Data to examine:
+--
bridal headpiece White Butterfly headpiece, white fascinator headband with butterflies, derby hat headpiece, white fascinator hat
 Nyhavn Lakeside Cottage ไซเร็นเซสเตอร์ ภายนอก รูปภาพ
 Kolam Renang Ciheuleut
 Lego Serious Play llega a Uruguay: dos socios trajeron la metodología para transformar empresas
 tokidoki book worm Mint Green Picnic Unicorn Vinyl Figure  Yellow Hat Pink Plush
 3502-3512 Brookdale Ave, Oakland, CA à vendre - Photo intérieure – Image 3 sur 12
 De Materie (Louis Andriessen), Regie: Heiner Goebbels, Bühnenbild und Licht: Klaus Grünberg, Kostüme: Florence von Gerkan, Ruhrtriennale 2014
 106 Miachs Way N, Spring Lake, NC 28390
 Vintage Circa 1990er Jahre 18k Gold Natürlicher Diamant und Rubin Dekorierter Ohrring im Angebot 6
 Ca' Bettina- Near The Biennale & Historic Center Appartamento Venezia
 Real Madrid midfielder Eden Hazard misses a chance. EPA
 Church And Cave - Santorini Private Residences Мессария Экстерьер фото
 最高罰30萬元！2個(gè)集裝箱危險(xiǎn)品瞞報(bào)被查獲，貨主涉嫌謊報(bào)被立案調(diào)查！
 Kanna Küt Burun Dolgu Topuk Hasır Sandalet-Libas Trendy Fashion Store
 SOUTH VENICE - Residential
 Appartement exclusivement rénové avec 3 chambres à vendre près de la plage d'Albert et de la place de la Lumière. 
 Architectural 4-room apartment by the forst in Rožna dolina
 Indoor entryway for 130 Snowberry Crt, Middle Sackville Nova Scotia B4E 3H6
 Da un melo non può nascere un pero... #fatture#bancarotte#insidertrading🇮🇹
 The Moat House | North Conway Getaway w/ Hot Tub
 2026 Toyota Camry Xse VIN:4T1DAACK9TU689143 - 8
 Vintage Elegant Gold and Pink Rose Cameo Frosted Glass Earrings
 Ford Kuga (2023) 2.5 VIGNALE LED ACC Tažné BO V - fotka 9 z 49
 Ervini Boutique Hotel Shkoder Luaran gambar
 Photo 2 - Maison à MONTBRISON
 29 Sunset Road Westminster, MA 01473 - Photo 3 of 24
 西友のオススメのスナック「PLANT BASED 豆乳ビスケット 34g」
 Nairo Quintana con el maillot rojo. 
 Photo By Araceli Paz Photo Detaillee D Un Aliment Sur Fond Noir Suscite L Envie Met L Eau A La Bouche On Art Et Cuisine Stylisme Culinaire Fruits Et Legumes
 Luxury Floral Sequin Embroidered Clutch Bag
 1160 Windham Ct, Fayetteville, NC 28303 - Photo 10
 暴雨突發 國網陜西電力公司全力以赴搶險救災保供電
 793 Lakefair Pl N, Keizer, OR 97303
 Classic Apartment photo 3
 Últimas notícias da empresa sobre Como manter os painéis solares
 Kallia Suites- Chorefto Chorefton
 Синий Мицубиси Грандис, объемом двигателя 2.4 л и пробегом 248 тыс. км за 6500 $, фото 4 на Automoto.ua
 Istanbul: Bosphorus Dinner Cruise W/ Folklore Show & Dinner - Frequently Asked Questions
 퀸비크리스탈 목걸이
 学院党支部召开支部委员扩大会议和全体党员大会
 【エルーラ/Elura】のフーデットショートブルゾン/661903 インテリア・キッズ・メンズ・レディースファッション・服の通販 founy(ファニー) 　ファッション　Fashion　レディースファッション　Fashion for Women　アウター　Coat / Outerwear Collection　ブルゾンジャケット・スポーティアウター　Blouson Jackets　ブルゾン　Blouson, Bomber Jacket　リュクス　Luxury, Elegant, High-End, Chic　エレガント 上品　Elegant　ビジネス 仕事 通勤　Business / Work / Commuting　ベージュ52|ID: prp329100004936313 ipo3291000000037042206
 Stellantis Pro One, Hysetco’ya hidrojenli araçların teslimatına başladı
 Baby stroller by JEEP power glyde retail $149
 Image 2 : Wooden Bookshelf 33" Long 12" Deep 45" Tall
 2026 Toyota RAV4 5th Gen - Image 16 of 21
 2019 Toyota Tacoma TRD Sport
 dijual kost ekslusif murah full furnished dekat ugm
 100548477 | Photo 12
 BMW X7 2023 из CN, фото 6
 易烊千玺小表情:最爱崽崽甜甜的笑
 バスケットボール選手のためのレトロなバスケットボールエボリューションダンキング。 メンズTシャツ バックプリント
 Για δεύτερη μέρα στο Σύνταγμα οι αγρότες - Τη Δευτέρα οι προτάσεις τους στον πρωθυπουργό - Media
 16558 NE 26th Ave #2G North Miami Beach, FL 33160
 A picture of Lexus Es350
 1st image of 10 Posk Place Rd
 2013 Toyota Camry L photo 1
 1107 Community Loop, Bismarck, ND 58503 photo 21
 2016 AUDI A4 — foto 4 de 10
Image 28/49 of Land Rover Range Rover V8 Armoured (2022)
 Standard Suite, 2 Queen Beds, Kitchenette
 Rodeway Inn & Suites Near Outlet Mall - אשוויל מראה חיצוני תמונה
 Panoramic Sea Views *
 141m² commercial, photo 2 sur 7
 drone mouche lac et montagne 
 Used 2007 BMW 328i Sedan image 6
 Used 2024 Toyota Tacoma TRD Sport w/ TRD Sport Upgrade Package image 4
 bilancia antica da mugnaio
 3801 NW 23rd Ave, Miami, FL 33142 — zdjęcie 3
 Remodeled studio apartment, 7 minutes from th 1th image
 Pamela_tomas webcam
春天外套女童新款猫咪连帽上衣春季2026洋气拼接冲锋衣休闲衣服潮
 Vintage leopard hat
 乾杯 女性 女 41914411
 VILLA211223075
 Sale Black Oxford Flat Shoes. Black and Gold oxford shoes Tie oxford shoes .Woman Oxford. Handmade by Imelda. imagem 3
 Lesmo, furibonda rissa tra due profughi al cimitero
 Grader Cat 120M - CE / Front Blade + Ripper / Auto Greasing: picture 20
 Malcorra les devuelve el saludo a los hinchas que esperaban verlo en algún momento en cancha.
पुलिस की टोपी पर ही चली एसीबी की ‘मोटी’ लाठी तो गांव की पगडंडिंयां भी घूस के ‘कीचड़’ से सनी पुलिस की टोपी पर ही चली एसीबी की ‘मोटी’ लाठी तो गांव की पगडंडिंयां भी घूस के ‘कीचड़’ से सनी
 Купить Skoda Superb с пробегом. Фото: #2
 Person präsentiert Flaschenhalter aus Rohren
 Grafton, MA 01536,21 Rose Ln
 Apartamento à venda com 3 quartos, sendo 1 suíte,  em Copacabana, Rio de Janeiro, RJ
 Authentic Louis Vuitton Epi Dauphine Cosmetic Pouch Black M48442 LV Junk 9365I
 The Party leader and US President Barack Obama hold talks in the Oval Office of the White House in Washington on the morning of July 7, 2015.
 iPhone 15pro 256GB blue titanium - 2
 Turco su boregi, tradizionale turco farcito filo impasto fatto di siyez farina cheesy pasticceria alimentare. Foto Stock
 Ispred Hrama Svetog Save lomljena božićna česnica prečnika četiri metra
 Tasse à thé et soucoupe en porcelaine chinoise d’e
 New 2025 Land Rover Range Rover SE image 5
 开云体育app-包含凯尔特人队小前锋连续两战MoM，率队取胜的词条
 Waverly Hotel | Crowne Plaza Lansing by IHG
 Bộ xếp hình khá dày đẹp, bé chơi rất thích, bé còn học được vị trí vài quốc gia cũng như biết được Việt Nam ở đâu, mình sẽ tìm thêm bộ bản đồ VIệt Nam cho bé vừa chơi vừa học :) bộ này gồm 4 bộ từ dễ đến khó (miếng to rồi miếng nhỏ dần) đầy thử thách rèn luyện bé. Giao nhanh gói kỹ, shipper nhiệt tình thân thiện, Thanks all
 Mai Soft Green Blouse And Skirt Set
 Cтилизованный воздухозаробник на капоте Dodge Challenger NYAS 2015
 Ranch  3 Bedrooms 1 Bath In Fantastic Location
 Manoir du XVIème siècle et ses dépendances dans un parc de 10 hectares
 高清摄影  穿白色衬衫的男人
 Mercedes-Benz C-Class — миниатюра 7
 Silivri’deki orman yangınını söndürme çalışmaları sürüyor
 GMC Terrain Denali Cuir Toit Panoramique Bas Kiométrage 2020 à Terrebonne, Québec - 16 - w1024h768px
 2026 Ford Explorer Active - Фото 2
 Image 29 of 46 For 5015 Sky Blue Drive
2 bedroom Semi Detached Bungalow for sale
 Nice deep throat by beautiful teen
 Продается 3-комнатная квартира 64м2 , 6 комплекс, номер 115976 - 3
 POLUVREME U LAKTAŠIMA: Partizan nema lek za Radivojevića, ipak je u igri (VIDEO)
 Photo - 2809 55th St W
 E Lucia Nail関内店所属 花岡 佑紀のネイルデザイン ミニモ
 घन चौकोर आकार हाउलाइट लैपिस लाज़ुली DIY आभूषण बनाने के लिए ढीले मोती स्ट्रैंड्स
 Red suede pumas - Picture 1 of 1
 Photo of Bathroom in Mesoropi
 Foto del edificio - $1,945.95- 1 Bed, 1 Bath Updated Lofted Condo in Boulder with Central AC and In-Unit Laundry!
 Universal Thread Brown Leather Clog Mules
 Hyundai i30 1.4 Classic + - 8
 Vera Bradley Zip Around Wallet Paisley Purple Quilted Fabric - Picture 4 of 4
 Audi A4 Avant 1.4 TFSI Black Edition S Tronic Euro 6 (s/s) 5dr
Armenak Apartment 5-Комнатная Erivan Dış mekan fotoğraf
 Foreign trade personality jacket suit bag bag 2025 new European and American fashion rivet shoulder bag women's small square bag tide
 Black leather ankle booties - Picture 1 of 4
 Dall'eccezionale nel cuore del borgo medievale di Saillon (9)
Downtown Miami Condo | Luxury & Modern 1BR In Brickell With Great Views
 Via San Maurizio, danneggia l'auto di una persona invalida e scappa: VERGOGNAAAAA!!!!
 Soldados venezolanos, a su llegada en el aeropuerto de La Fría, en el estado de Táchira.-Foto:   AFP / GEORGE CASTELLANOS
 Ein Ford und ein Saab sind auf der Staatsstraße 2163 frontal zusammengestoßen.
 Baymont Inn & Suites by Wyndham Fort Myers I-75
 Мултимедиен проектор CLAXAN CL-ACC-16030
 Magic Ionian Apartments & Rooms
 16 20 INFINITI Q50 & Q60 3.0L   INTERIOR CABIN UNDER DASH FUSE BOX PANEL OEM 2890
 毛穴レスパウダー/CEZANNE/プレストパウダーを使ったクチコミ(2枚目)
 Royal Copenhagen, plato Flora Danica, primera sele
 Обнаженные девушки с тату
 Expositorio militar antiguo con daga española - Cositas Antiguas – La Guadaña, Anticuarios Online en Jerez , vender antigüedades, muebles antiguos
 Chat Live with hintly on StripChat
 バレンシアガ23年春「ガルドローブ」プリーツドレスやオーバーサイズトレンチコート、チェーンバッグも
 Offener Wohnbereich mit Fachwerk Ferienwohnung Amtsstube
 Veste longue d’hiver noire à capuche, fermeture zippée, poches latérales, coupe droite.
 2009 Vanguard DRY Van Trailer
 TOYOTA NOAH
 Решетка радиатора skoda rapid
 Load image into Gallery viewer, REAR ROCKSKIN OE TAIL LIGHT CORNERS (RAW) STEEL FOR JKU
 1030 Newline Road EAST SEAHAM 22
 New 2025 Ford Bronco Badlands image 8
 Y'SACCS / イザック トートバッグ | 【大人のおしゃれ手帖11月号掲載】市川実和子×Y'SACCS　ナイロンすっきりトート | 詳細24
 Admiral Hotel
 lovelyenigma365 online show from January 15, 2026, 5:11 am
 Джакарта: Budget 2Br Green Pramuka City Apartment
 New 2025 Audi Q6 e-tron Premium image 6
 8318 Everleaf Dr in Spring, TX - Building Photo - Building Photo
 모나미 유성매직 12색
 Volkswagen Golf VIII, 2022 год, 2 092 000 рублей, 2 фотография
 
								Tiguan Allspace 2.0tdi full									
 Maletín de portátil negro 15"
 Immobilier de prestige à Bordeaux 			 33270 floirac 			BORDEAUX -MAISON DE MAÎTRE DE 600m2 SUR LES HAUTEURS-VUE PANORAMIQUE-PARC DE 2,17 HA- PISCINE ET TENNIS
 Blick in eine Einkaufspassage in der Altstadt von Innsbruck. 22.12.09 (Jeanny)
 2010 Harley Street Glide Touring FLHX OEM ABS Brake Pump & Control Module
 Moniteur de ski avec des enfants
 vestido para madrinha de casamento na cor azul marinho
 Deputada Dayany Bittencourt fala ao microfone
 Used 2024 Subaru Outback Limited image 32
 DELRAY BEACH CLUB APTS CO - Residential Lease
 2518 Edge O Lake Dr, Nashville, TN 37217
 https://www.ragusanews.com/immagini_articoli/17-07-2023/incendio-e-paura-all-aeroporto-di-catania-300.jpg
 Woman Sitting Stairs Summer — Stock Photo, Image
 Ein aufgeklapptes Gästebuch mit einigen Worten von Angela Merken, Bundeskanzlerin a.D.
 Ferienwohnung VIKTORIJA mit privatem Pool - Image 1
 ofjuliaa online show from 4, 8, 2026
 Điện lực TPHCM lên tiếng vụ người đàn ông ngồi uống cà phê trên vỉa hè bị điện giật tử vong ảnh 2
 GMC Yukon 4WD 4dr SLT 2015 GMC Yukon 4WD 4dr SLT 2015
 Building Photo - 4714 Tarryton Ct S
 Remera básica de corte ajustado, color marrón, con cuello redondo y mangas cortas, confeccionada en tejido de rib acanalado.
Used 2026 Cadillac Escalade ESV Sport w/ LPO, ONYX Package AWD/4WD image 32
+--
What you need to do: Give only a number: how many lines of the data hold the string "Black"?

Written response: 4